Resolution criteria that neglects to specify how questions should be resolved in possible scenarios.

Examples

This questions resolves positively if an article in a reputable journal article finds that ommerically-available automated speech recognition is better than human speech recognition (in the sense of having a lower transcribing error rate). 

if a journal article is published that finds that in only in some domains commerically-available automated speech recognition is better, but worse in most other domains, it is unclear from the resolution criteria how this question should be resolved.

Spurious resolutions

Edge-case resolutions that technically satisfy the description as written, yet fail to capture the intention of the question.

Examples

Positively resolving the question:

Will there be an incident causing the loss of human life in the
South China Sea (a highly politically contested sea in the pacific ocean) by 2018?

by having a battleship accidentally run over a fishing boat. (This is adapted from an actual question used by the Good Judgment Project.)

Positively resolving the question:

Will an AI lab have been nationalized by 2024?

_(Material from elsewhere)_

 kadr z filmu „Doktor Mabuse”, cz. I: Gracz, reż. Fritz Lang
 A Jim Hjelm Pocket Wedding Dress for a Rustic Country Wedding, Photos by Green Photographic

by the US government nationalising Ford for auto manufacturing reasons, yet Ford nonetheless having a self-driving car research division.

Trivial pathways

An unrelated causal pathway to resolution “screens off” the intended pathways.

Examples

Forecasting

When will there be a superhuman Angry Birds agent using no hardcoded
knowledge?

and realizing that there seems to be little active interest in the yearly benchmark competition (with performance even declining over years). This means that the probability entirely depends on whether anyone with enough money and competence decides to work on it, as opposed to what key components make Angry Birds difficult (e.g. physics-based simulation) and how fast progress is in those domains.

Forecasting

How sample efficient will the best Dota 2 RL agent be in 2020?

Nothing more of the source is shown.